Eyes turn huge when the biggest kid of all, Tristan Klesick, lifts his bullhorn and tells them they will have a tug of war against the big farm boys.

Miraculously, the little gang of rope-pullers wins.

In another part of the Klesicks’ farm field, rows of lettuce, beets, tomatoes, cucumbers and green beans are dotted with people, some beneath colorful umbrellas, picking the freshest veggies they’ll ever eat.

After parking in a pasture mowed short just for this day, visitors walk down a grassy road past a long row of tractors to a makeshift village of white canopies providing covered entertainment, food and exhibits for kids and oldsters alike.
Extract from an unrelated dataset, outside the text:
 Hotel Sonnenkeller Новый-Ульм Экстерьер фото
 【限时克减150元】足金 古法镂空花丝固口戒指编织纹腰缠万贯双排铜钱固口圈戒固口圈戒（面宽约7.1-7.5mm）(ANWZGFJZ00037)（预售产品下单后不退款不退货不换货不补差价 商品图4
A few little boys and a girl have climbed onto high tractor seats and positioned themselves behind steering wheels. Levers, knobs and shifters hold the youngsters spellbound by a farm dream that never really goes away in some.
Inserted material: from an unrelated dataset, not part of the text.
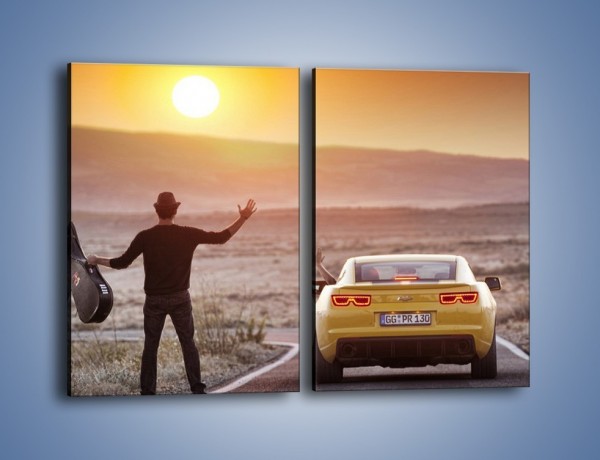Obraz na płótnie – Chevrolet Camaro na pustynnej drodze – dwuczęściowy prostokątny pionowy TM080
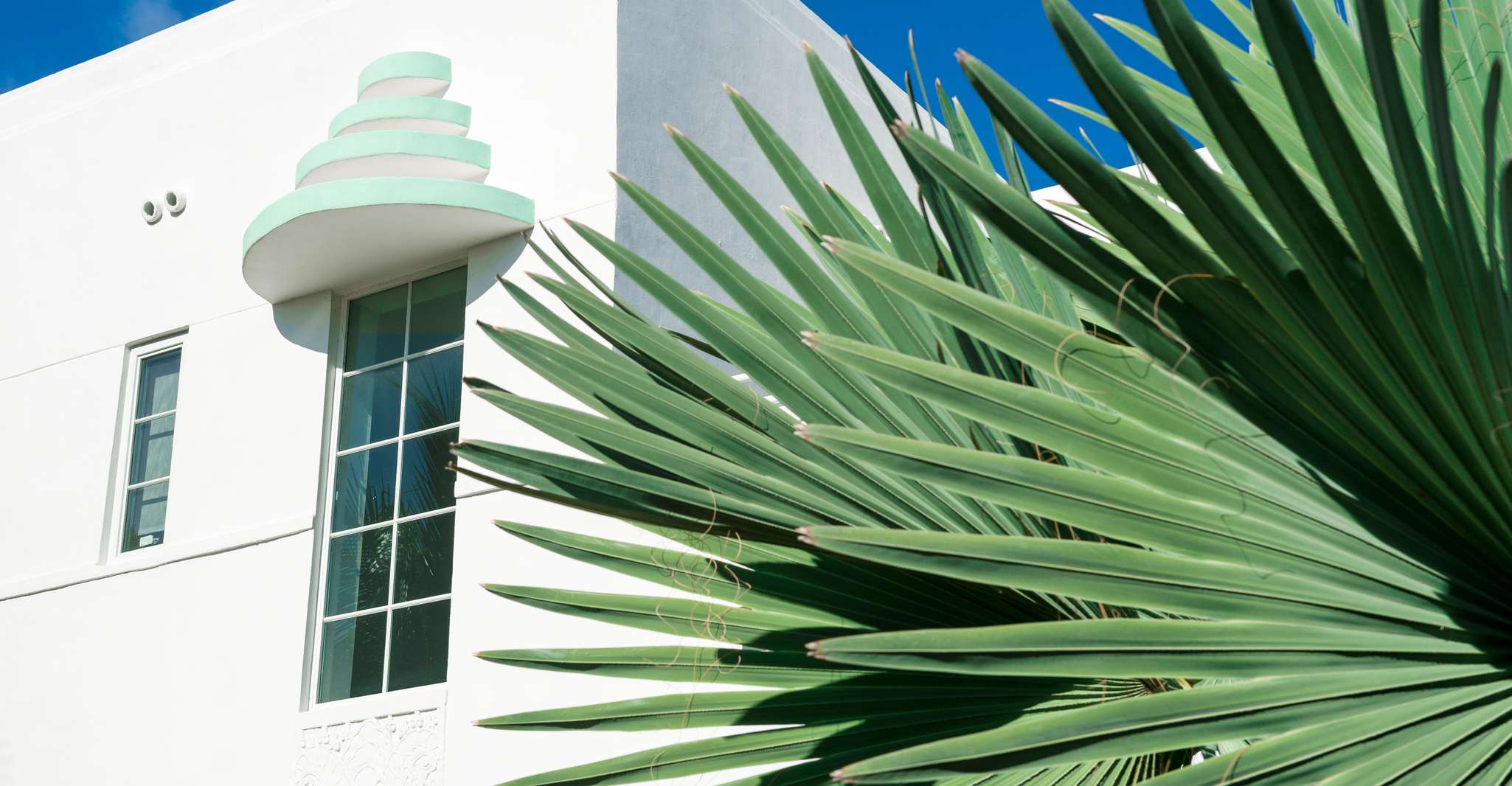 Award-winning Art Deco & History Walking Tour photo 9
Others, too little to climb onto a big tractor, are plowing a patch of earth nearby on toy tractors and antique cultivators. Tristan says there are a lot of children out there who don’t know, yet, that they’re farmers.
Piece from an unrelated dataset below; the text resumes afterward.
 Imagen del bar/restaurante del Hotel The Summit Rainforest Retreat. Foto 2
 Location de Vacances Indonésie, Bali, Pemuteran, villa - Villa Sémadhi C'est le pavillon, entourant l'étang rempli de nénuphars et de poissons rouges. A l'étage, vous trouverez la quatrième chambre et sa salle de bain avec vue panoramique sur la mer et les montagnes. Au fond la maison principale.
“Coming here tends to plant a seed in their heart,” he says.

The Klesicks and a lot of volunteers, good friends who’ve been preparing for this Harvest Jubilee for weeks, are scattered over several acres, helping the visitors.

The older Klesick boys are helping with demonstrations at a century-old threshing machine and gristmill. Andrew is helping friends John and Peter Lama with an old-time blacksmith demonstration.

Alaina helps kids make things with play dough in a pioneer kitchen, then runs them through a hay maze, where they try to find the hidden white mice.

Always on the lookout for kids who might be left out, Alaina helps one little girl find a spot on the rope for the tug of war.

“Alaina has good vision,” Tristan says. “She sees a need and goes to it.”

It is easy to see that the little ones like Alaina. They head straight to her when they want a hug.

Watching and listening to Tristan on his bullhorn as people gather around to see the century-old threshing machine in action, you realize that he does all this farm stuff for them.

It’s that way with his beautiful organic produce, too. The farmer is selling food, but he is serving something far greater. Most of the people who’ve come to this farm seem to know that.